The Three Strikes Project is legal clinical seminar where law students represent individuals serving life sentences for non-violent offenses under California’s Three Strikes Law. Lawyers assist district attorney’s offices throughout the state who are seeking opportunities to safely and effectively reduce California’s prison population through Prosecutor Initiated Resentencing (PIR).
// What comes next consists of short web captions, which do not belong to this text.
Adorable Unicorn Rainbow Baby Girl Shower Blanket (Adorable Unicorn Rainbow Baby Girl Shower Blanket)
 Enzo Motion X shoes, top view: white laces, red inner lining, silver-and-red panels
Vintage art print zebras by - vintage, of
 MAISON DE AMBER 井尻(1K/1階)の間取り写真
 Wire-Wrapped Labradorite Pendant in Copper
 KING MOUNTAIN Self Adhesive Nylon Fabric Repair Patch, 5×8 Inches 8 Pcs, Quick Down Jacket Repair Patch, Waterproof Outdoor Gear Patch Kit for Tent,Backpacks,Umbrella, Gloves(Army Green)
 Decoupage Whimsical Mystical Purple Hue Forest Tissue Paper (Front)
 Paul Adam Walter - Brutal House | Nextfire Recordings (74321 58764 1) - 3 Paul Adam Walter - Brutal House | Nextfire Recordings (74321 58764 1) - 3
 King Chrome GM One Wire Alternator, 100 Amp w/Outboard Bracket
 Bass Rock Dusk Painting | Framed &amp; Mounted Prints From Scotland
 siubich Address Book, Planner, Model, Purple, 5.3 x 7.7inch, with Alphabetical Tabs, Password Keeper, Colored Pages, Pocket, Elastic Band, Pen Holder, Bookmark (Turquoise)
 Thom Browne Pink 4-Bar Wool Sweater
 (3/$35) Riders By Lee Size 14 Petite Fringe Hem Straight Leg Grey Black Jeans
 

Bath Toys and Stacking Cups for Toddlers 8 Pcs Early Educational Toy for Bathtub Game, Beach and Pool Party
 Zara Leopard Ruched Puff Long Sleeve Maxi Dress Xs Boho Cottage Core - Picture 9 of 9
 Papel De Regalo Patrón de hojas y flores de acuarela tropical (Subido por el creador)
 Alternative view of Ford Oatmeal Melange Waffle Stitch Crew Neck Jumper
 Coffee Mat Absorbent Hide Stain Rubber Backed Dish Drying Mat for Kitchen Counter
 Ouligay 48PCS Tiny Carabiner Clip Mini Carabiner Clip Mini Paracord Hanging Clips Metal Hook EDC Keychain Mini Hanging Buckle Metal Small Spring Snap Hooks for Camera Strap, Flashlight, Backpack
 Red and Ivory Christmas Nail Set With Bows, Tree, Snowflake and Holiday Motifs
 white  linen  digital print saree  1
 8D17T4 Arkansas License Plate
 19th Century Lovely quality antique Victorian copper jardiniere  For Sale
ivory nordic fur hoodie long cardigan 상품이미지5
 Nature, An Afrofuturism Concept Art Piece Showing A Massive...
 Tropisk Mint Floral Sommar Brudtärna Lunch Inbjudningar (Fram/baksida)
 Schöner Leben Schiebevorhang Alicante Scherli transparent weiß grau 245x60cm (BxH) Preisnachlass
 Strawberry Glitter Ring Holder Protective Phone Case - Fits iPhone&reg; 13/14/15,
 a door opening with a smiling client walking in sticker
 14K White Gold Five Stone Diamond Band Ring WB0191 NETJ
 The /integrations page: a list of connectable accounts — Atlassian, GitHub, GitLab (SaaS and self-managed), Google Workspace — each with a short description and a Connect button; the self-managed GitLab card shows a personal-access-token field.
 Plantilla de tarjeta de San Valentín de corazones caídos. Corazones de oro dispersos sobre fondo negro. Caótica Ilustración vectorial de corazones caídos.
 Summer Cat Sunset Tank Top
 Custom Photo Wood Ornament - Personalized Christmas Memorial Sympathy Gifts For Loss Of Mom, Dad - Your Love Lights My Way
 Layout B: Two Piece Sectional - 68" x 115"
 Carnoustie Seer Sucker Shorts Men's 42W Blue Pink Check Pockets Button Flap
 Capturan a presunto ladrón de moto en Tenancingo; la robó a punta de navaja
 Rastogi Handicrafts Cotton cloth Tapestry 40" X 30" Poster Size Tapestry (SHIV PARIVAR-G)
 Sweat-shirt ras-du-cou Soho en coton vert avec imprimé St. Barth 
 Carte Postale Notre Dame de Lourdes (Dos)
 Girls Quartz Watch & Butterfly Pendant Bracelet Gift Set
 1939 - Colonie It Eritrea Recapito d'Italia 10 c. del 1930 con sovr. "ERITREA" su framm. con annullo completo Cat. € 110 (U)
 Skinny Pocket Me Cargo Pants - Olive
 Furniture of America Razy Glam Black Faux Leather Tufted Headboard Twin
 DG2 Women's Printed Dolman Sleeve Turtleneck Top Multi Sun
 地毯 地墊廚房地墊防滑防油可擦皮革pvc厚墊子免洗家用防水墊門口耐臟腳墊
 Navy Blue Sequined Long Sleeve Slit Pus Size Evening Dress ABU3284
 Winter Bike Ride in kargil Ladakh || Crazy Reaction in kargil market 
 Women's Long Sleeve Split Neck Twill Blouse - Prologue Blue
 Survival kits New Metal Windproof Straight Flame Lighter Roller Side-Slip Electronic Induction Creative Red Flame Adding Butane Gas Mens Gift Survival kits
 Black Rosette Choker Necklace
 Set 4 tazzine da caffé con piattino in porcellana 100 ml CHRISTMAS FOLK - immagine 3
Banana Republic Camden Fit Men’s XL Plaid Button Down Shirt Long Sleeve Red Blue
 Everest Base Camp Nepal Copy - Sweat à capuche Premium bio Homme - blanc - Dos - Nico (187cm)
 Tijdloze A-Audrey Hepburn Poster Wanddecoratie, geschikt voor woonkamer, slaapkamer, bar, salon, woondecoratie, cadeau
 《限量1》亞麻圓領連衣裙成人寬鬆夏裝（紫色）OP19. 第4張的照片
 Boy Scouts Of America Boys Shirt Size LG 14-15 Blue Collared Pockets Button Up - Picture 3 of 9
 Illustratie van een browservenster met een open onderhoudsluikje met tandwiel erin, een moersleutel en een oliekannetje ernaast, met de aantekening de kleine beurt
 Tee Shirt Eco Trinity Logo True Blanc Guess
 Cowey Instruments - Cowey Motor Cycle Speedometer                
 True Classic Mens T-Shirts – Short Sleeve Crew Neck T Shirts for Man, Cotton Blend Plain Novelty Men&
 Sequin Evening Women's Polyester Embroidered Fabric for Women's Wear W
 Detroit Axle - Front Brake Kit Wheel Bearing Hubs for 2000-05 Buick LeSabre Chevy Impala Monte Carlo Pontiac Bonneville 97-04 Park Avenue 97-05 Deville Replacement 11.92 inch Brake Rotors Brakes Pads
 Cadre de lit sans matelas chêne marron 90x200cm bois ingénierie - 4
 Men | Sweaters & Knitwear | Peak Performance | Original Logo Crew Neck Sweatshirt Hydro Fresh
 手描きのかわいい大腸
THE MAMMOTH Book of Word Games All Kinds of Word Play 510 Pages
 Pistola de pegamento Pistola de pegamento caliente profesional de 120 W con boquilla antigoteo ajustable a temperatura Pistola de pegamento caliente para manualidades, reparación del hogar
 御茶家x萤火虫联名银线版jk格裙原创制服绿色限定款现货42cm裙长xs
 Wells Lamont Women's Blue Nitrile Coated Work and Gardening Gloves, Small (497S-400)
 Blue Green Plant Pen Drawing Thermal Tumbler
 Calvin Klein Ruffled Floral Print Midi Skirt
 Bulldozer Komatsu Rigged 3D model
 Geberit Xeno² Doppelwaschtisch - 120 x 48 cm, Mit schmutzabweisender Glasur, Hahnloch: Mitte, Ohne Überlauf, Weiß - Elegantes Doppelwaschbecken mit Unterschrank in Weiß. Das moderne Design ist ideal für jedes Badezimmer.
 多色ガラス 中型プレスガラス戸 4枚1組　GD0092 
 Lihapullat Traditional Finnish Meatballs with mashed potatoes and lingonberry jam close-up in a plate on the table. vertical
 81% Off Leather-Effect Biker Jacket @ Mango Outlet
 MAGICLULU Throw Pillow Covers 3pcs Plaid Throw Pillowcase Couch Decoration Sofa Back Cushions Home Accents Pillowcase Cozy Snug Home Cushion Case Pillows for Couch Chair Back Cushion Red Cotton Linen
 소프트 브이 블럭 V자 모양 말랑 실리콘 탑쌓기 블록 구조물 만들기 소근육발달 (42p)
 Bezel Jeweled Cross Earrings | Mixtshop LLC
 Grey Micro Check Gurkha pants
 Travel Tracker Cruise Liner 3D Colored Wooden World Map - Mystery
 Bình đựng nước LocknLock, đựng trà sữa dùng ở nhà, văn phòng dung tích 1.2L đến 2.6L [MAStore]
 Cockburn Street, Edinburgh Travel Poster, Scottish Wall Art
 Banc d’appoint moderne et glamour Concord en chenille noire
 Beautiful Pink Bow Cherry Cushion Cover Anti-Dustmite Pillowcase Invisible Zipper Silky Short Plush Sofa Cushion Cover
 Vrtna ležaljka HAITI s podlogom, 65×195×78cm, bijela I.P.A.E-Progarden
But, given that there are over 100,000 people in California’s prisons, lawyers need efficient and accurate ways to identify those who are eligible for PIR instead of manually reviewing piles of paperwork. Redo.io’s open-source eligibility tool helps lawyers filter their caseload and apply their expertise efficiently. We are currently under a contract with Stanford Law to develop this application.
Our tool
Summary
A rules-based and deterministic model that generates cohorts of individuals eligible for PIR based on criteria established by district attorney’s offices.
What it is:
- A deterministic model with a rules-based framework designed by legal experts
- Easily interpretable and explainable for non-technical users and audience
- Responsive to user requests, i.e. an attorney can request changes to the eligibility criteria and see updated results
What it is not:
- A black box predictive model
- A decision-maker that determines the cases that are ultimately resentenced by the courts
Execution
- Ingest the demographics, current offenses and prior offenses of individuals in California Department of Corrections and Rehabilitation (CDCR) custody
- Run the eligibility model (with selection criteria and scenarios designed by legal experts)
- Return a cohort of individuals eligible for PIR
- Provide attorneys easy-to-understand personal profiles of each candidate
- Re-run the eligibility model when new data on the prison population is released
Citation
If you make use of our dataset(s) or code, please cite our work as follows:
APA style:
“Redo.io. resentencing-data-initiative (Version 1.0.0) [Computer software]. https://github.com/redoio/resentencing_data_initiative/“
BibTex:
@software{Redo_io_resentencing-data-initiative, author = {{Redo.io}}, title = {{resentencing-data-initiative}}, url = {https://github.com/redoio/resentencing_data_initiative/}, version = {1.0.0}}
License
All content in this project is licensed under GNU AGPLv3
You must give appropriate credit to our work. You may not use our work for commercial purposes, which means anything primarily intended for or directed toward commercial advantage or monetary compensation.